Given $(x+y+z)^{15}$ find the coefficient of $x^2y^{10}z^{3}$

Question

Given $(x+y+z)^{15}$ find the coefficient of $x^2y^{10}z^3$

Weak in this chapter. Don't know how to proceed. Please help

Sorry for the typo made before

Answer 1

All the terms of $(x+y+z)^{15}$ are of order 15. The given term $x^3y^5z$ is of order 9 and so does not appear in $(x+y+z)^{15}$, that is, its coefficient is zero.

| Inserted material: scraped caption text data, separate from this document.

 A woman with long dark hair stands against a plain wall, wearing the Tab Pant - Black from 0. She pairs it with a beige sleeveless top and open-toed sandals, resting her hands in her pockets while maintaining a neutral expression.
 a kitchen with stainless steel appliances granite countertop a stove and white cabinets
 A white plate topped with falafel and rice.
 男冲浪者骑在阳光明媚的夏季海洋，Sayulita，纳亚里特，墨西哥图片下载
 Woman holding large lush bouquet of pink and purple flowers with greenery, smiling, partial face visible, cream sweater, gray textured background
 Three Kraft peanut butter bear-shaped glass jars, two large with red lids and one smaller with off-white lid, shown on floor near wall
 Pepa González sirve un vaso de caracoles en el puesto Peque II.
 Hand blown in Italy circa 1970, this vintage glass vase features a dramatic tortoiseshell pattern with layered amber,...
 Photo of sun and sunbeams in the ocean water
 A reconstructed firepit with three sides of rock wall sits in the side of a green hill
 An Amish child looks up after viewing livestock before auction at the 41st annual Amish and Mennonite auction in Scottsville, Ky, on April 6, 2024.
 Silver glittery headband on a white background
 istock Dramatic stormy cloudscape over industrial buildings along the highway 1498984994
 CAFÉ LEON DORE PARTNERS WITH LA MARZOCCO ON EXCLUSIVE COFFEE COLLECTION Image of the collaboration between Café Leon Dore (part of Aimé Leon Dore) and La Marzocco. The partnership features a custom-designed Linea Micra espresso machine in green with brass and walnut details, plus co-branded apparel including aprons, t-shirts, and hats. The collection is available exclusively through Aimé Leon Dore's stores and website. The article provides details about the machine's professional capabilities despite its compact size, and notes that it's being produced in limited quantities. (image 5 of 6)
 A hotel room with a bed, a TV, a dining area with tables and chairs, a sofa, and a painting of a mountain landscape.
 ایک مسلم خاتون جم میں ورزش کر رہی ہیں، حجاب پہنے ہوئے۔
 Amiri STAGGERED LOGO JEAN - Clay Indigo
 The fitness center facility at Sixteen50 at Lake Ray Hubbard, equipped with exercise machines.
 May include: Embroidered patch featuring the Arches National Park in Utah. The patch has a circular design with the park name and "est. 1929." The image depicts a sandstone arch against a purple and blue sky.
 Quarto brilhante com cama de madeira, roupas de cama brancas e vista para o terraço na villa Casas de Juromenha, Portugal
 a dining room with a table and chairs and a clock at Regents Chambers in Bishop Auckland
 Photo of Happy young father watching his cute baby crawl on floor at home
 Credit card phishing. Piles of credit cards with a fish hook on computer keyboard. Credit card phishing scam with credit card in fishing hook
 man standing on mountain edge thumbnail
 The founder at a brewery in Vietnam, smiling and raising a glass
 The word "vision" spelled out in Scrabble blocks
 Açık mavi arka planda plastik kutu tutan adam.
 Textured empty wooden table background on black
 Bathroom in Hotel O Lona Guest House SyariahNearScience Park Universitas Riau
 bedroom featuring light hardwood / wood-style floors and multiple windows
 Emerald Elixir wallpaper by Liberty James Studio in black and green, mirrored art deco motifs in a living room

This can be seen more formally by using the binomial theorem twice, as suggested in another answer: \begin{eqnarray*} (x+y+z)^{15} &=& ((x+y)+z)^{15}\\ &=& \sum_{k=0}^{15}{15 \choose k}(x+y)^kz^{15-k}\\ &=& \sum_{k=0}^{15}{15 \choose k}\sum_{m=0}^k {k\choose m}x^my^{k-m}z^{15-k} \end{eqnarray*} One can see that the order of each term is $15$. Another way of seeing the result is to recognise that the only way to get $z^1$ in the sum is when $k=14$ in which case the sum reduces to \begin{eqnarray*} {15 \choose 14}\sum_{m=0}^{14} {14\choose m}x^my^{14-m}z \end{eqnarray*} and we see that the sum of the powers on $x^my^{14-m}$ are always $14$ so we can never get an $x^3y^5$ term multiplying $z^1$.

Answer 2

Hint. All terms of that form can be found from considering $x+y+z$ as the binomial $(x+y)+z.$ Taking the $15$th power of this gives a sum whose $k+1$th term is $${15\choose k}(x+y)^{15-k}z^k.$$ Then set $k=3$ and work out the rest.